» **Directions for this task**
Only one stretch of the listing below is wanted. Begin at the line that has "Horse Staring 16", stop after the line that has "Clasificación de los", and repeat every line in between exactly.

» **Exercise data**
- - -
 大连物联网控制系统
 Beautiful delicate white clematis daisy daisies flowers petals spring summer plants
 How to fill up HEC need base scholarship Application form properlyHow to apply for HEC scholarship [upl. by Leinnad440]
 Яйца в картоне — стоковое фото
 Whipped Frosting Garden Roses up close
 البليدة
- - -
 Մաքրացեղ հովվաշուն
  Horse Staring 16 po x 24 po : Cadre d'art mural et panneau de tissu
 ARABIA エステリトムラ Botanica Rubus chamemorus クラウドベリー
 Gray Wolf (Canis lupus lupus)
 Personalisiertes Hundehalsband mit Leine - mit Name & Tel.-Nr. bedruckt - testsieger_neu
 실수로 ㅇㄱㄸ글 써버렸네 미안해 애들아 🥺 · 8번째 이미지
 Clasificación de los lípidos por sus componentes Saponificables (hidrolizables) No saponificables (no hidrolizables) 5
- - -
» **Exercise answer**
  Horse Staring 16 po x 24 po : Cadre d'art mural et panneau de tissu
 ARABIA エステリトムラ Botanica Rubus chamemorus クラウドベリー
 Gray Wolf (Canis lupus lupus)
 Personalisiertes Hundehalsband mit Leine - mit Name & Tel.-Nr. bedruckt - testsieger_neu
 실수로 ㅇㄱㄸ글 써버렸네 미안해 애들아 🥺 · 8번째 이미지
 Clasificación de los lípidos por sus componentes Saponificables (hidrolizables) No saponificables (no hidrolizables) 5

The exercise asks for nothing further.